I would gladly take free 4K OTA in exchange for my viewing data...

----------


## Bunty

> Is there a website that shows which channels one could expect based on location in the state? I haven't re-scanned in a few years so maybe that is why I am missing some channels or some channels are not clear? For instance we only get KFOR and KWTV but no KOCO.


When you're located near the local limits for the high powered stations it can be frustrating to get consistently steady reception on all the channels from indoor antennas.  I've found the paper thin square antenna won't get channel 5.  However a bar antenna from Wal-Mart mounted at top of a window gets channel 5 well.  However, channel 62 is the only channel that is shaky.

----------


## Jersey Boss

> My hope is it is on 43.3 after Escape leaves. Kinda wondering about that because KAUT 43 and KFOR 4 are both owned by Tribune Media, who also owns the Antenna TV network. Although Decades is not a true competitor for Antenna TV, it is another Baby Boomer network. And it is a joint venture CBS and Weigel Broadcasting, who own Me-TV.  I also think that is the reason that Cozi TV wasn't picked up in OKC. NBC Universal owns Cozi TV, but I think Tribune didn't want it on their stations because it was too close a competitor to Antenna TV.

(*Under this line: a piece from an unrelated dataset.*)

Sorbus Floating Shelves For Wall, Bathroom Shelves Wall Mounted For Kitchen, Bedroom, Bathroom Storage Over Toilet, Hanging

Do those channels offer original programs or is it just recycled programs from syndication?

----------


## stile99

> Do those channels offer original programs or is it just recycled programs from syndication?


I really really hope it's the latter.  Plenty of other channels dipped their toes in the nostalgia pool, got tired of paying licensing fees, and quickly went to crap when they decided they needed "original content". If someone wants to enjoy Family Ties and Knight Rider reruns, what's wrong with that?

----------


## Bunty

I wish cable news, sports and special interest channels like HGTV, Sci-fi, Comedy and so on could be available on the sub TV channels.  But I guess the cable companies don't ever want to see that happen.  They suffer enough from the Internet as competition.

----------


## stile99

OTA has a better Sci-Fi channel than "Syfy".  It's called Comet.  No Comedy, but there's Laff.

----------


## Dob Hooligan

The beauty of modern “Over the Air” is the tremendous amount if programming choices. OETA features HGTV style home improvement shows on sub channels 13.2 and 13.3, Sinclair Broadcasting is running sports nationwide with “Stadium” 25.3, Comedis on LAFF 52.3, etc.
Oklahoma City features  more than 35 free, over the air channels. Most of what you want is out there. Amazing world.

----------


## PaddyShack

> When you're located near the local limits for the high powered stations it can be frustrating to get consistently steady reception on all the channels from indoor antennas.  I've found the paper thin square antenna won't get channel 5.  However a bar antenna from Wal-Mart mounted at top of a window gets channel 5 well.  However, channel 62 is the only channel that is shaky.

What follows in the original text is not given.